エネルギー線硬化性樹脂(G)は、エネルギー線硬化性化合物を重合(硬化)して得られたものである。
前記エネルギー線硬化性化合物としては、例えば、分子内に少なくとも1個の重合性二重結合を有する化合物が挙げられ、(メタ)アクリロイル基を有するアクリレート系化合物が好ましい。
エネルギー線硬化性樹脂(G)を用いる場合、組成物(III−1)において、エネルギー線硬化性樹脂(G)の含有量は、1〜95質量%であることが好ましい。
組成物(III−1)は、エネルギー線硬化性樹脂(G)を含有する場合、エネルギー線硬化性樹脂(G)の重合反応を効率よく進めるために、光重合開始剤(H)を含有していてもよい。
組成物(III−1)における光重合開始剤(H)としては、例えば、ベンゾイン、ベンゾインメチルエーテル、ベンゾインエチルエーテル、ベンゾインイソプロピルエーテル、ベンゾインイソブチルエーテル、ベンゾイン安息香酸、ベンゾイン安息香酸メチル、ベンゾインジメチルケタール等のベンゾイン化合物;アセトフェノン、2−ヒドロキシ−2−メチル−1−フェニル−プロパン−1−オン、2,2−ジメトキシ−1,2−ジフェニルエタン−1−オン等のアセトフェノン化合物;ビス(2,4,6−トリメチルベンゾイル)フェニルフォスフィンオキサイド、2,4,6−トリメチルベンゾイルジフェニルフォスフィンオキサイド等のアシルフォスフィンオキサイド化合物;ベンジルフェニルスルフィド、テトラメチルチウラムモノスルフィド等のスルフィド化合物;1−ヒドロキシシクロヘキシルフェニルケトン等のα−ケトール化合物;アゾビスイソブチロニトリル等のアゾ化合物;チタノセン等のチタノセン化合物;チオキサントン等のチオキサントン化合物;パーオキサイド化合物;ジアセチル等のジケトン化合物;ベンジル;ジベンジル;ベンゾフェノン;2,4−ジエチルチオキサントン;1,2−ジフェニルメタン;2−ヒドロキシ−2−メチル−1−[4−(1−メチルビニル)フェニル]プロパノン;2−クロロアントラキノン等が挙げられる。
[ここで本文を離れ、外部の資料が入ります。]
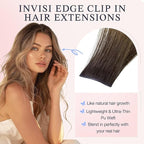 DOORES Invisible Clip in Hair Extensions 22 Inch 110g 7pcs, Real Human Hair Invisi Edge Virgin Clip ins Extensions Straight Thickening, 1D/2C/4E Natural Black to Dark Brown and Chocolate Brown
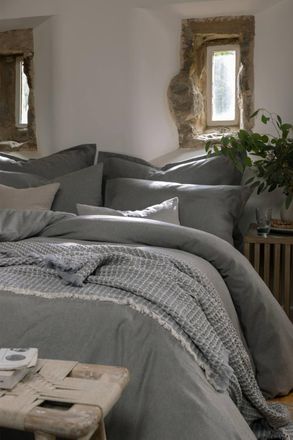 Christy Flannel Marl Super Soft Brushed Cotton Duvet Sets in Grey | Size: King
また、前記光重合開始剤としては、例えば、1−クロロアントラキノン等のキノン化合物;アミン等の光増感剤等を用いることもできる。
光重合開始剤(H)を用いる場合、組成物(III−1)において、光重合開始剤(H)の含有量は、エネルギー線硬化性樹脂(G)の含有量100質量部に対して、0.1〜20質量部であることが好ましい。
組成物(III−1)及び熱硬化性樹脂フィルムは、本発明の効果を損なわない範囲内において、汎用添加剤(I)を含有していてもよい。
汎用添加剤(I)は、公知のものでよく、目的に応じて任意に選択でき、特に限定されない。好ましい汎用添加剤(I)としては、例えば、可塑剤、帯電防止剤、酸化防止剤、着色剤(染料、顔料)、ゲッタリング剤等が挙げられる。
組成物(III−1)及び熱硬化性樹脂フィルムの汎用添加剤(I)の含有量は、特に限定されず、目的に応じて適宜選択すればよい。
組成物(III−1)は、さらに溶媒を含有することが好ましい。溶媒を含有する組成物(III−1)は、取り扱い性が良好となる。
前記溶媒は特に限定されないが、好ましいものとしては、例えば、トルエン、キシレン等の炭化水素;メタノール、エタノール、2−プロパノール、イソブチルアルコール(2−メチルプロパン−1−オール)、1−ブタノール等のアルコール;酢酸エチル等のエステル;アセトン、メチルエチルケトン等のケトン;テトラヒドロフラン等のエーテル;ジメチルホルムアミド、N−メチルピロリドン等のアミド(アミド結合を有する化合物)等が挙げられる。
これらの中でも、前記溶媒は、組成物(III−1)中の含有成分をより均一に混合できる点から、メチルエチルケトン等であることが好ましい。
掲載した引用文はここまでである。